EDA in Intersect Mode

The Exploratory Data Analysis (EDA) Intersect mode enables you to access summary statistics about the intersection of a group of datasets without needing access to the data itself. It is used primarily with VFL use cases to understand statistics about the overlapped records. For example, you may be interested in “what is the distribution of age among the intersection” (the intersection mode), which could be a very different answer from “what is the distribution of age among the whole population” (the individual mode).

With EDA Intersect, you can:

  • obtain descriptive statistics, as in EDA Individual mode, but on the intersection (i.e., overlapping indices)
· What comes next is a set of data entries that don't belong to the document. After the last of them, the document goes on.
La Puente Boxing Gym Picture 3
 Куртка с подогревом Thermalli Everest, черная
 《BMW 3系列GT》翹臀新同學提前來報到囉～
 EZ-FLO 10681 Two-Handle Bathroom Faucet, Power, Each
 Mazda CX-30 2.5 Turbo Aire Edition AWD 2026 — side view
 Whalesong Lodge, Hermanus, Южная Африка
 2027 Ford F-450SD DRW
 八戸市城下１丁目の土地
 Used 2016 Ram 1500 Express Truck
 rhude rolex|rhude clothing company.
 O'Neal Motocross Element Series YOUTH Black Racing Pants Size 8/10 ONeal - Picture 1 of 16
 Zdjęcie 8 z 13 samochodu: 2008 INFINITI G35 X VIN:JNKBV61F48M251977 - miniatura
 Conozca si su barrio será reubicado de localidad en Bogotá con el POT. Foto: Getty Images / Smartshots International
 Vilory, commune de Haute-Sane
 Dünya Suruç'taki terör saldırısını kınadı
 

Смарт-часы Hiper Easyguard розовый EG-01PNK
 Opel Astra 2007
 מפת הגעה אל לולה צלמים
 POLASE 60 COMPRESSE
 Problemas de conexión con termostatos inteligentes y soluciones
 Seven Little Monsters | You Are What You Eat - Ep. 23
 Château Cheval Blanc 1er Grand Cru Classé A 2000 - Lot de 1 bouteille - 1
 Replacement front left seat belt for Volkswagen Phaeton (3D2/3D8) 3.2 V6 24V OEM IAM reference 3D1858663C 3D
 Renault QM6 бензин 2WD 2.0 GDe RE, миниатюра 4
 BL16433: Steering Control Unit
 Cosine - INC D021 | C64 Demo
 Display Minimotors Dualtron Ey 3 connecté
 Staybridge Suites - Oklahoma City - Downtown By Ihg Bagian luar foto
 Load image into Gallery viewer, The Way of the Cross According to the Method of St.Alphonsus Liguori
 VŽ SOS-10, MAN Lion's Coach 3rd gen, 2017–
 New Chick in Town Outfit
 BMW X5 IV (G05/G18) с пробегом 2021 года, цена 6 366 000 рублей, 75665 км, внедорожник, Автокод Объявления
  • use bivariate operations such as groupby or correlation

  • compute the correlation matrix

  • plot a 2D histogram based on the joint distribution of two features from different clients

EDA is an important pre-step for federated modelling and a simple form of federated analytics. This feature has a built-in mechanism to achieve differential privacy. Proper noise is dynamically added to each histogram that is generated for each feature in a participating dataset. This adds extra protection on the raw data by making the final results differentially private, but at the same time it means the final results will deviate slightly from the true values.

API Reference

The core API module that contains the EDA-specific functionality is integrate_ai_sdk.api.eda. This module includes a core object called EdaResults, which contains the results of an EDA session. If you are comfortable working with the integrate.ai SDK and API, see the API Documentation for details.

Configure an EDA Intersect Session

This example uses an AWS task runner to run the session using data in S3 buckets. Ensure that you have completed the AWS configuration for task runners and that a task runner exists. See Register an AWS task runner for details.

To begin exploratory data analysis, you must first create a session. To configure the session, specify the following:

  • EDA data configuration (eda_data_config)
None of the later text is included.